07-12-2009, 11:42 AM
If caller says to trash your hotel room, think twice.
Rebecca Beitsch and Amy L. Edwards Sentinel Staff Writers7:55 PM EDT, July 8, 2009
Lisa Kantorski took the call from the person who claimed to be a front-desk clerk about a gas leak in their hotel room near Orlando International Airport.
She frantically relayed the information to her husband, Mark, an Indian River County deputy. He followed the caller's instructions ... and smashed the window of his room with a toilet tank.
"When I broke the window, I got suspicious," Mark said. "It didn't seem right, but she [Lisa] was panicking, so I continued."
Just before 7 a.m. Monday, the Kantorskis had no idea they were the latest victims of a prankster or pranksters whose tricks are sweeping the nation. The unknown protagonists dupe otherwise rational people into doing outrageous things, including driving trucks through storefronts and breaking hotel windows to test fire alarms.

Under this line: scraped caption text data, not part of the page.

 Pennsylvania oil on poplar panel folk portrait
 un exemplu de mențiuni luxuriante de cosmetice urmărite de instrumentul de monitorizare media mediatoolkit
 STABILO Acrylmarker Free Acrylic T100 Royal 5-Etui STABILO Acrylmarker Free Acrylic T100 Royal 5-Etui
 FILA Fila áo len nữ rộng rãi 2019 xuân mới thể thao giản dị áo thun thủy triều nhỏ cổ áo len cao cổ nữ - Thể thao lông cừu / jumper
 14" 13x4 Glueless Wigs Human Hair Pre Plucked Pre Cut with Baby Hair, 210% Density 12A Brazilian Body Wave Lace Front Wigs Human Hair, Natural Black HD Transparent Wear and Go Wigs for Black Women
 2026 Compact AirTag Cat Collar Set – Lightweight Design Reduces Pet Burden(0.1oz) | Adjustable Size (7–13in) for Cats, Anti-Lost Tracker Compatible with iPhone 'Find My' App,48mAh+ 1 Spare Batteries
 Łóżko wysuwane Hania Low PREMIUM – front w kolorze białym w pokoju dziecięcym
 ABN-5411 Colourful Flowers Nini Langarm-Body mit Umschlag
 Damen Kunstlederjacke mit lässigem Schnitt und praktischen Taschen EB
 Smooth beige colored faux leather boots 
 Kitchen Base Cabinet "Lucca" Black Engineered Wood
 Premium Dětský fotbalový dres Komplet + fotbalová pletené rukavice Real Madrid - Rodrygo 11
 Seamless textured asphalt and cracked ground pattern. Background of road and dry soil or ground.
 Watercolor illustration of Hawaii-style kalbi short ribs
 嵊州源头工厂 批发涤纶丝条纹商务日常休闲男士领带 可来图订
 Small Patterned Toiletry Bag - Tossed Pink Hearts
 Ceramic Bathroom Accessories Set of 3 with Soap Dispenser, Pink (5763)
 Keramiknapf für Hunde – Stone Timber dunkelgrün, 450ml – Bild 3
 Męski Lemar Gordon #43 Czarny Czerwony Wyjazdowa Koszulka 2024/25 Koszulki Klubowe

With Lisa clutching their three kids, Mark listened to the caller as he barked out more instructions:
Break the mirror on the wall. Check.
Use the lamp to bash in the wall to get to the trapped man on the other side. OK.
Throw the mattress out the window and jump for safety. Out the mattress went.
Room 204 of the Hilton Garden Inn on South Semoran Boulevard was a shambles.
"I'm not one to argue much with her," Mark said. "When you slow down everything, the situation was kind of odd."
The Kantorskis never got the chance to jump. Hilton Garden Inn manager Samir Patel appeared at the door to address a noise complaint, an Orlando police report states.
Patel broke the news to the Kantorskis: There was no gas leak.
When police officers arrived, Patel said he recently received a memo from his corporate office warning about "dangerous pranks" pulled at hotels in other states. Patel did not return calls Wednesday.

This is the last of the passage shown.